Seulement chaque culture est confrontée à deux questions. Celle du Sens dans lequel elle est engagée, il faudrait que ce soit le meilleur. Celle de sa maturité culturelle dans ce Sens là , le Sens de son accomplissement.
De cette deuxième question dépend la capacité de discernement, la capacité de se libérer des déterminismes aliénants venant des autres Sens, des autres tendances, des autres penchants avec tous les maux qui les accompagnent.
Or pour l’Afrique, son lot est cette confrontation avec l’environnement qui prend de nombreuses figures : la nature, la communauté, la féminité, les autres pays, etc.

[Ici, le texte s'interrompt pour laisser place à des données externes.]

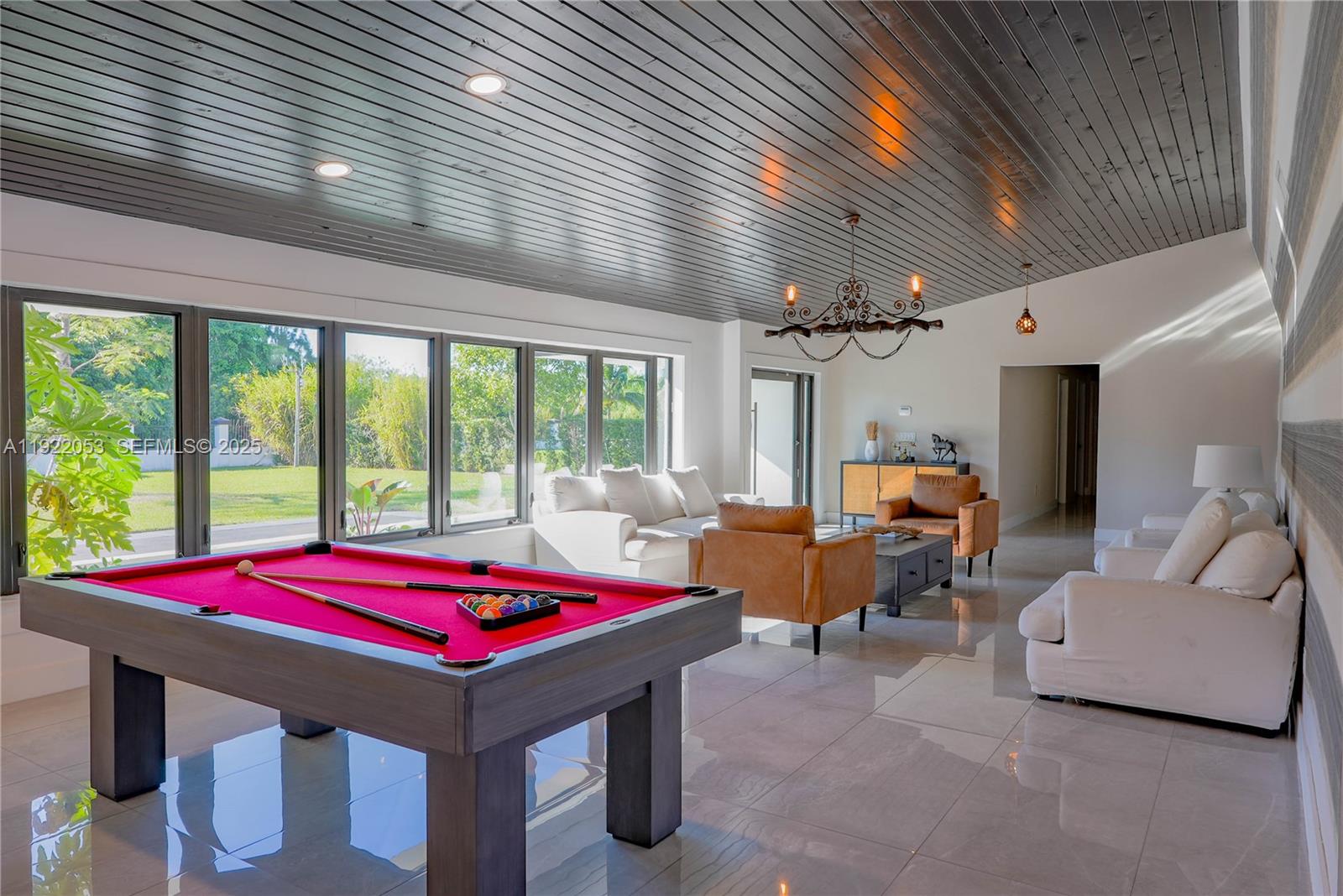 13355 Southwest 207th Avenue Miami, FL 33196 - Photo 5 of 26 a room with pool table and windows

Il arrive que dans cette problématique là on attribue à "l’environnement" des puissances, bonnes ou mauvaises ce qui peut conduire aussi à des attitudes passives ou réactives, antagonistes... Bien sûr, telles ou tels pays étranger (en Afrique même ou ailleurs) peut d’autant plus se sentir investi de puissance dont il sent qu’on la lui confère. Les "mauvais" penchants des deux engageront de concert, une colonisation, par exemple ou d’autres formes d’exploitation ... des penchants locaux.
Comprenez que l’histoire de chaque culture du monde, petite ou grande, est confrontée à sa problématique spécifique et affronte les difficultés et les drames qui vont avec. C’est la condition humaine. Mais il est de la condition humaine de chercher et de trouver sa voie, celle de son accomplissement au coeur même de sa problématique. Là où se trouve la source des difficultés est la source de sa vocation.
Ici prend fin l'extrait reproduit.